» **Goal of the exercise**:
I'd like the entries repeated exactly, without their pictures.

______

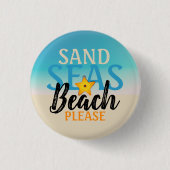 Badge Rond 2,50 Cm Plage de sable de Starfish (Devant)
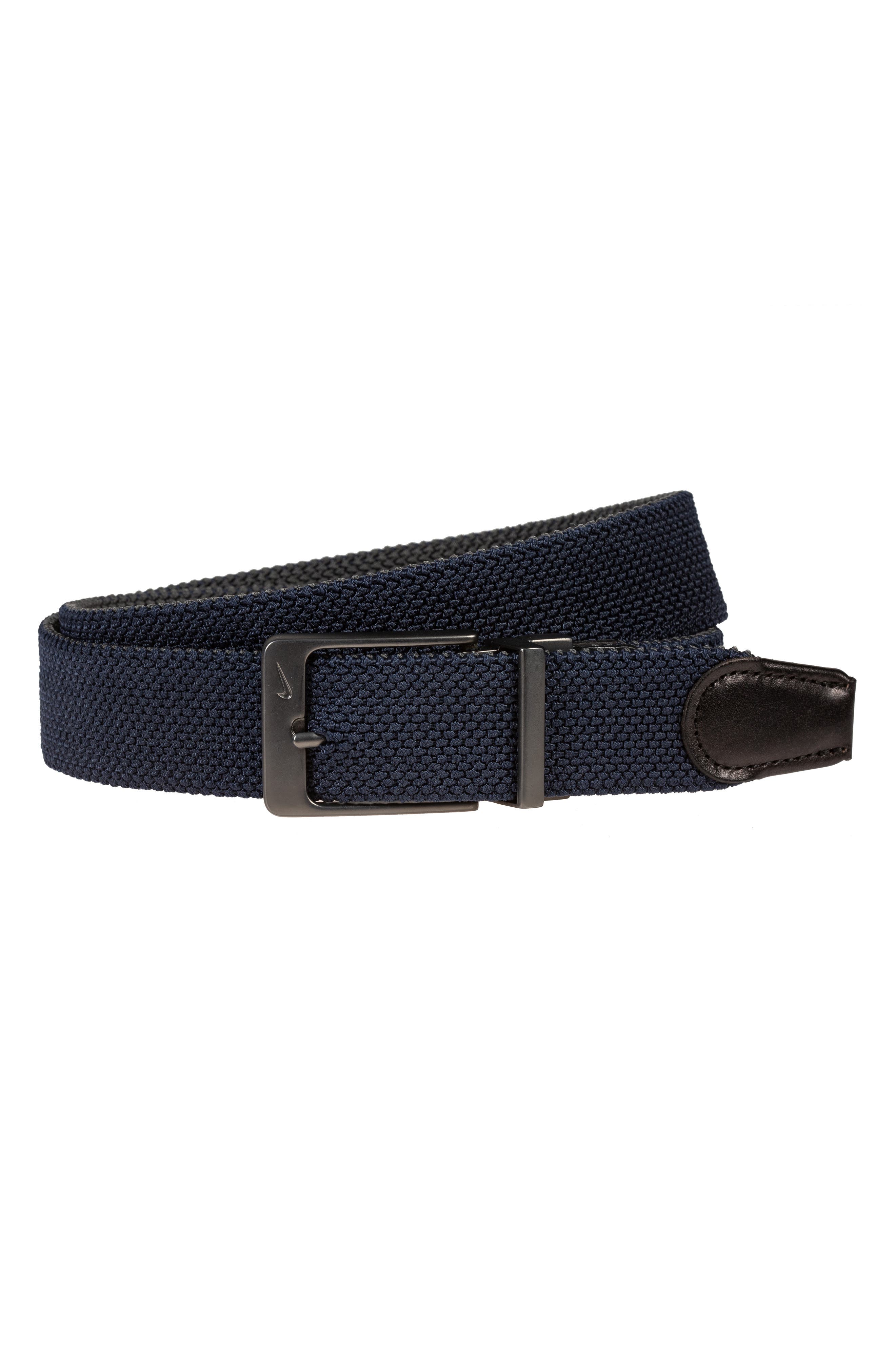 Nike Reversible G-Flex Woven Belt, Navy Dark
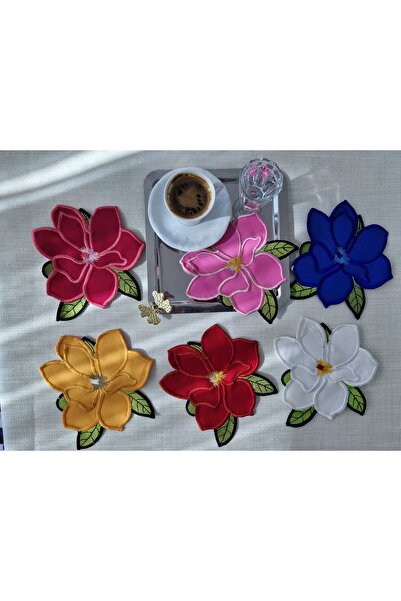 HM POLİSAJ Sunumluk Peçete, Kokteyl Peçetesi Kahve Yanı Sunumluk Nakışlı Kahve Yanı 6 Adet Kumaş Sunum Peçetesi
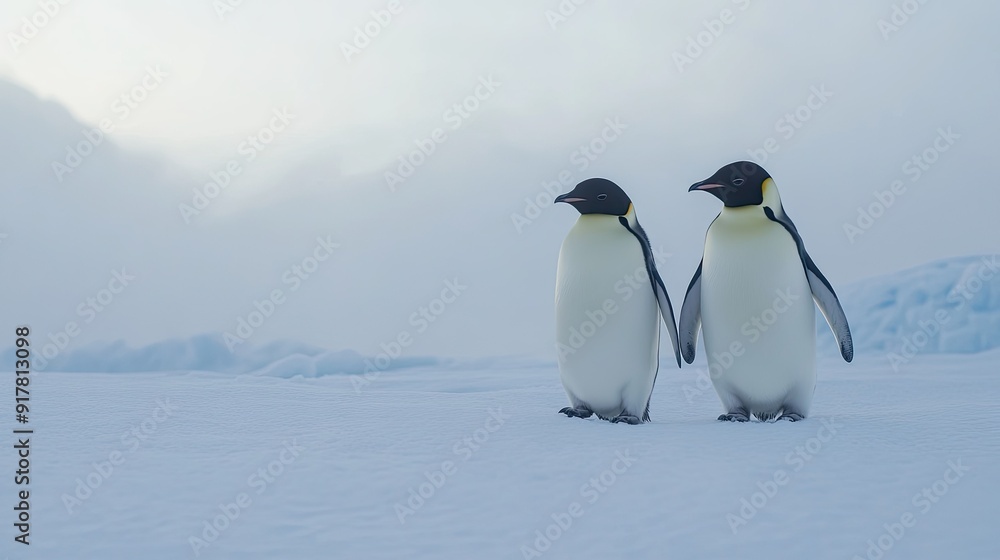 Naklejka premium A tender moment between two penguins walking close together on a snow-covered plain.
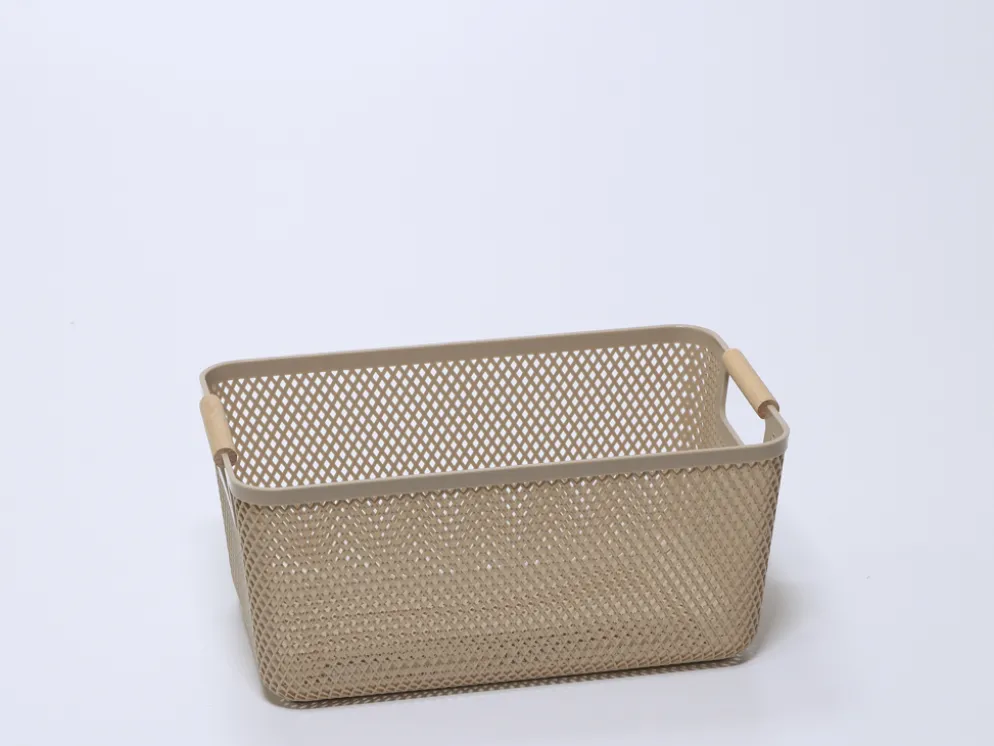 CESTA PLASTICO ASA BAMBU BEIGE 36X22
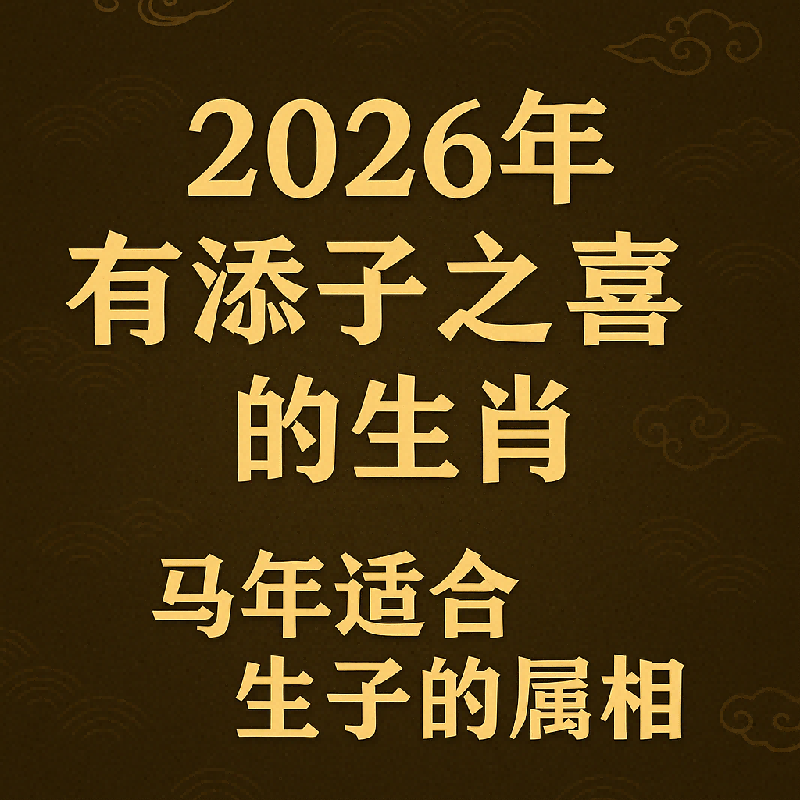 2026年有添丁之喜的生肖
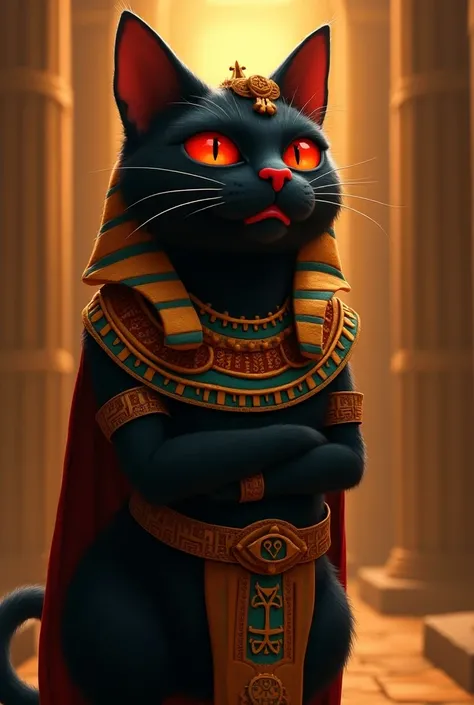 Animated pharaoh black cat, Let your nose be noticed, The distinctive red mouth and eyes
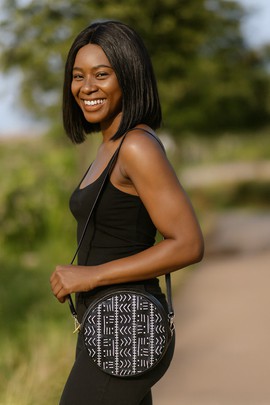 Black &amp; White Crossbody Bag African Round Sling Style
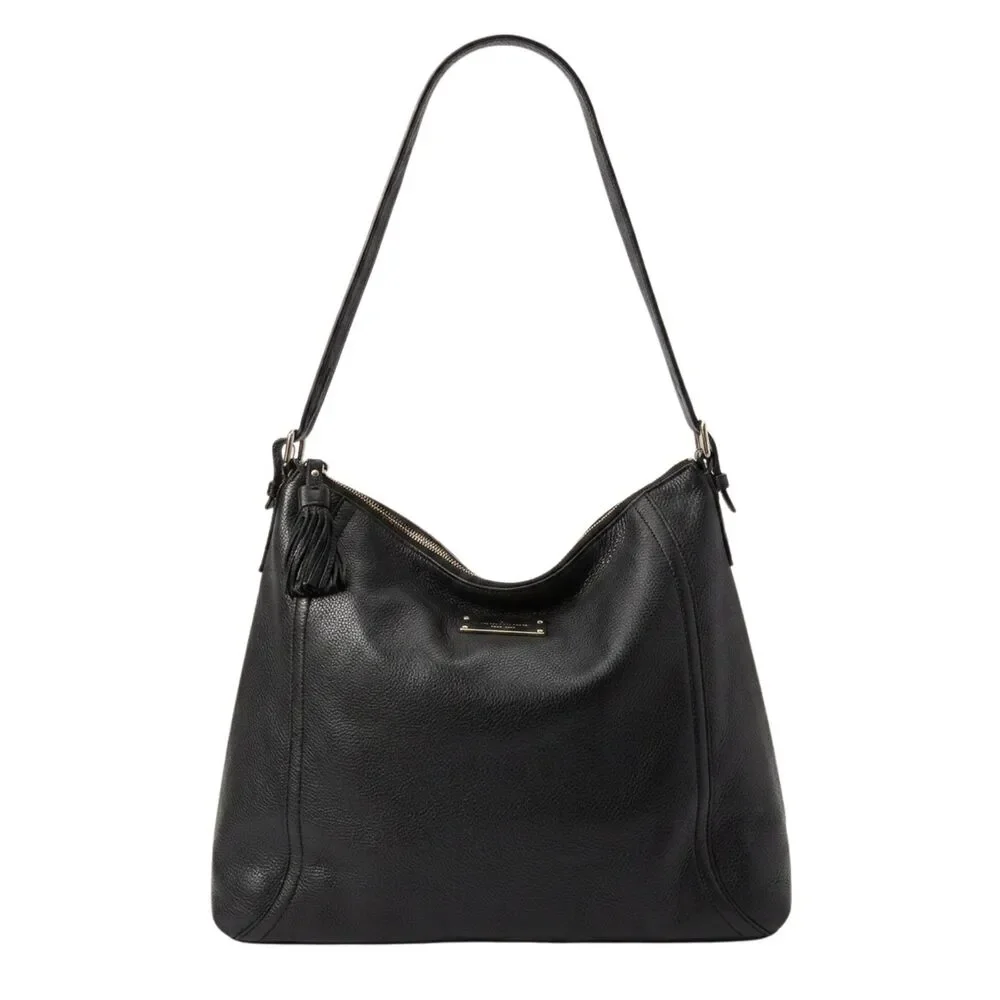 Kate Spade Black Pebbled Leather Hobo Shoulder Bag Tassel Polka Dot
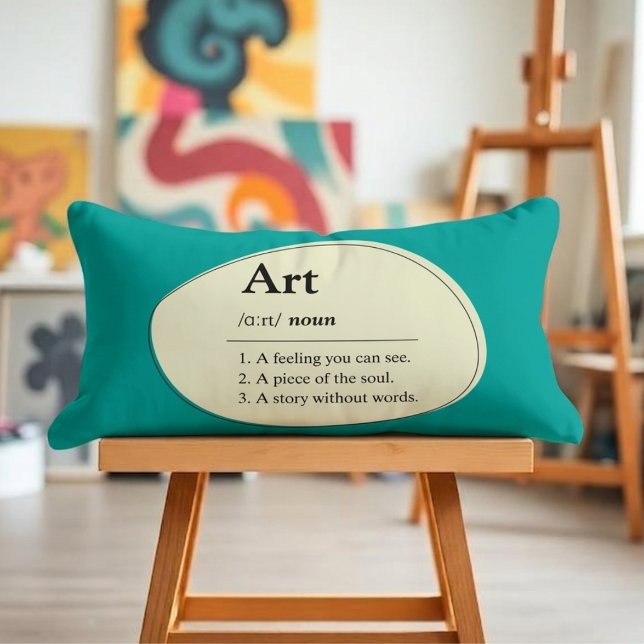Personalised Art Dictionary Style Lumbar Pillow (Fully customizable pillow for art lovers)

______

» **Result**:
 Badge Rond 2,50 Cm Plage de sable de Starfish (Devant)
 Nike Reversible G-Flex Woven Belt, Navy Dark
 HM POLİSAJ Sunumluk Peçete, Kokteyl Peçetesi Kahve Yanı Sunumluk Nakışlı Kahve Yanı 6 Adet Kumaş Sunum Peçetesi
 Naklejka premium A tender moment between two penguins walking close together on a snow-covered plain.
 CESTA PLASTICO ASA BAMBU BEIGE 36X22
 2026年有添丁之喜的生肖
 Animated pharaoh black cat, Let your nose be noticed, The distinctive red mouth and eyes
 Black &amp; White Crossbody Bag African Round Sling Style
 Kate Spade Black Pebbled Leather Hobo Shoulder Bag Tassel Polka Dot
Personalised Art Dictionary Style Lumbar Pillow (Fully customizable pillow for art lovers)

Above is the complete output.